> _WHAT YOU HAVE TO DO_
Given the records below, the lines starting at the line with "DIY Racikan Cuka" and ending at the line with "Western blot analysis" should be output exactly, both end lines kept and pictures left out.

> _DATA FOR THIS TASK_
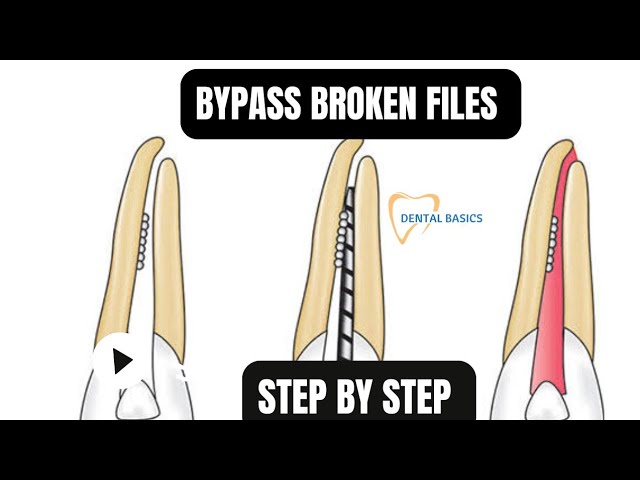 Video thumbnail for Easily Bypass Broken Files | A Clinical Guide
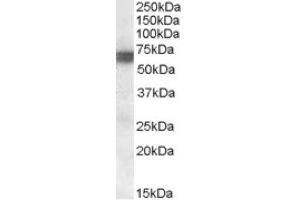 Image no. 1 for anti-Bridging Integrator 1 (BIN1) (Internal Region) antibody (ABIN375175) (BIN1 antibody  (Internal Region))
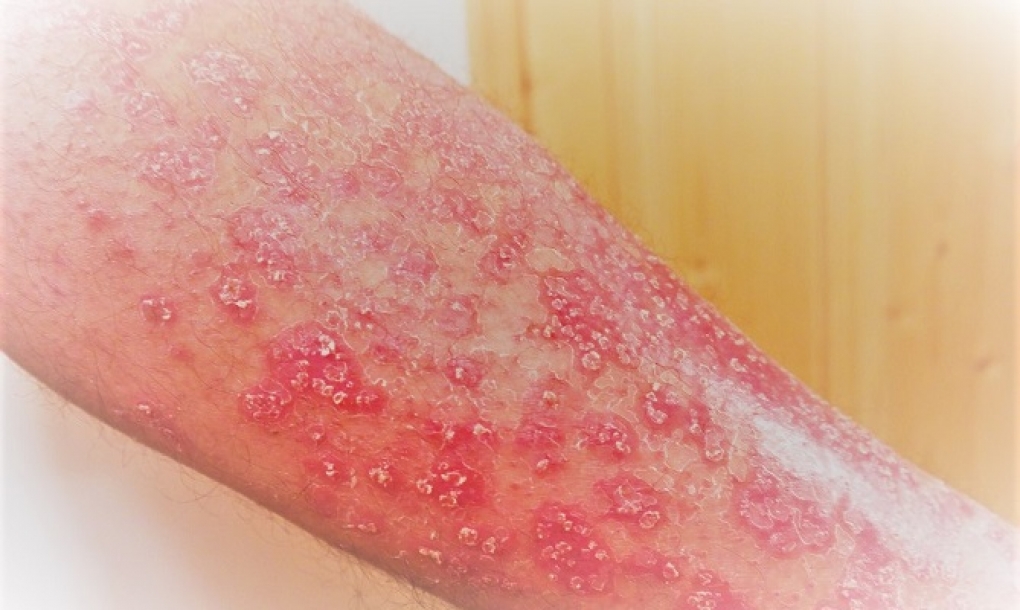 Nueva diana terapéutica contra la psoriasis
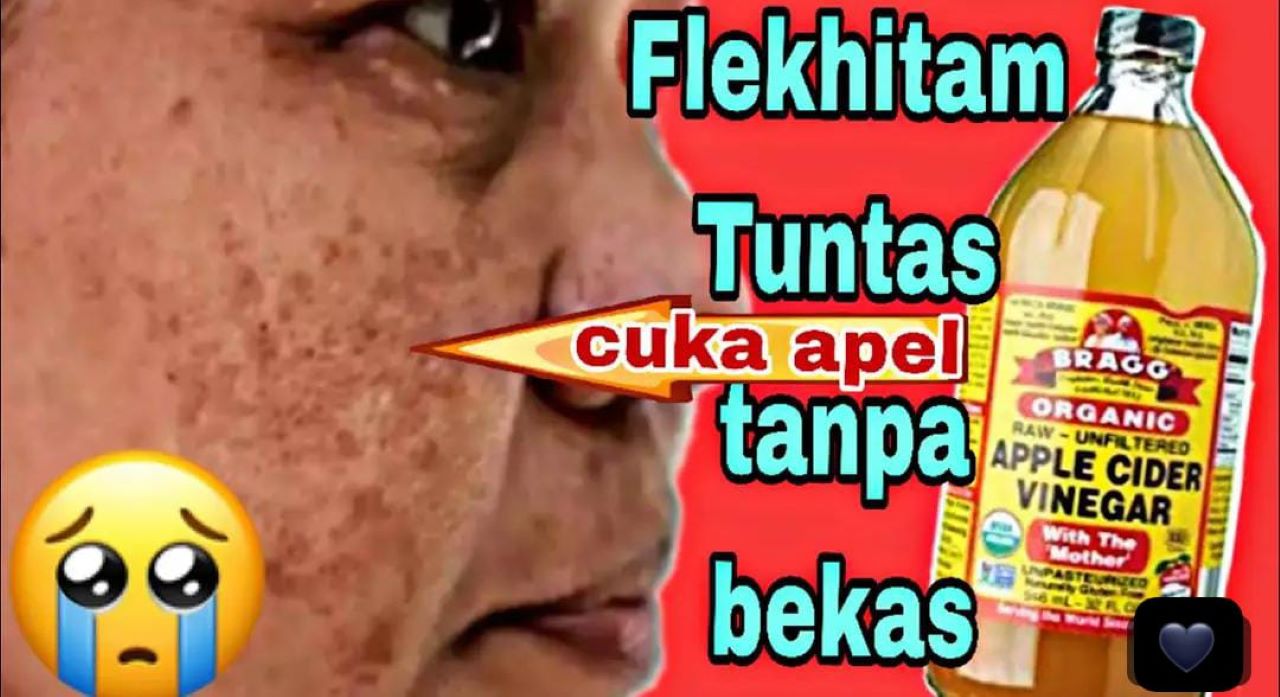 DIY Racikan Cuka Apel Pemutih Wajah Untuk Wajah Glowing, Bonus Hilangkan Flek Hitam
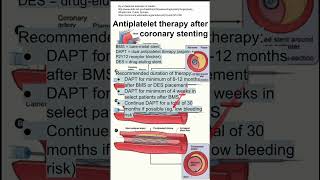 Antiplatelet therapy after coronary stenting [upl. by Ardnekal]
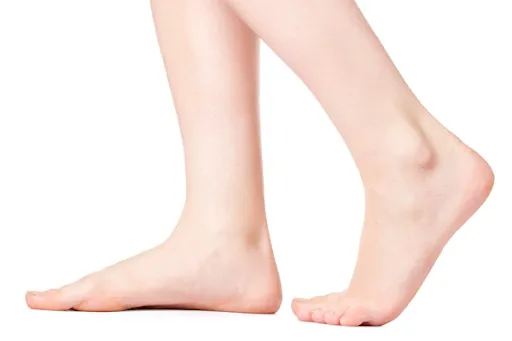When Are Flat Feet a Problem?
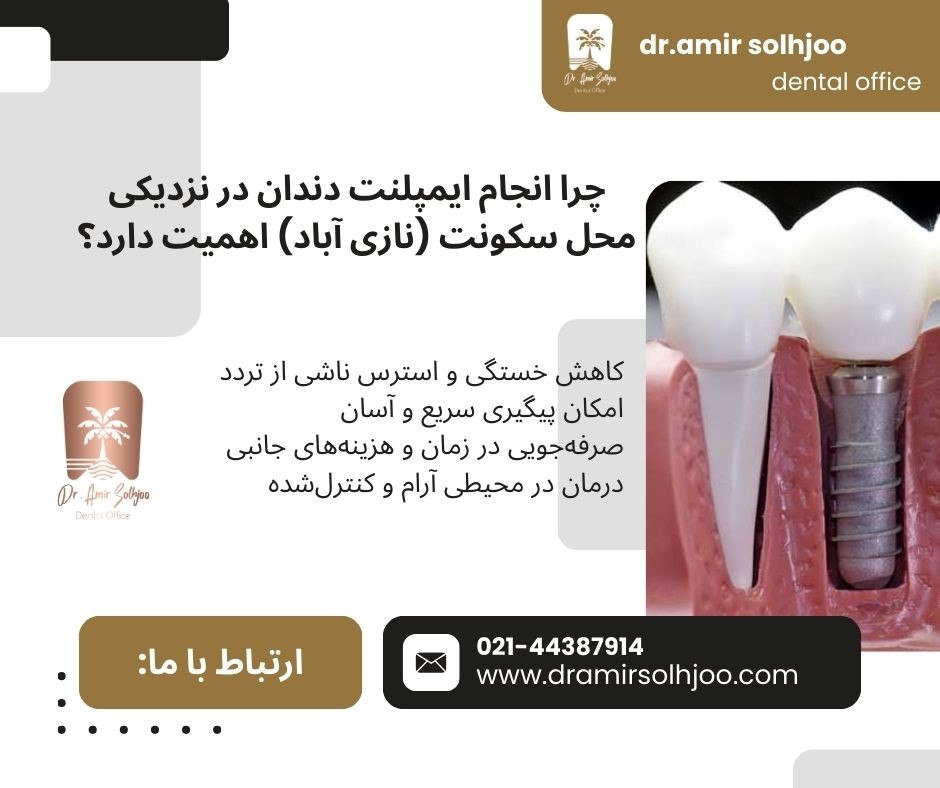 Dental implant in Naziabad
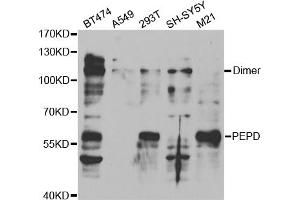 Western blot analysis of extracts of various cell lines, using PEPD antibody (ABIN5973143) at 1/1000 dilution. (PEPD 抗体)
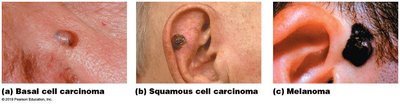 Types of skin cancer: basal cell carcinoma, squamous cell carcinoma, melanoma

> _TASK ANSWER_
 DIY Racikan Cuka Apel Pemutih Wajah Untuk Wajah Glowing, Bonus Hilangkan Flek Hitam
 Antiplatelet therapy after coronary stenting [upl. by Ardnekal]
When Are Flat Feet a Problem?
 Dental implant in Naziabad
 Western blot analysis of extracts of various cell lines, using PEPD antibody (ABIN5973143) at 1/1000 dilution. (PEPD 抗体)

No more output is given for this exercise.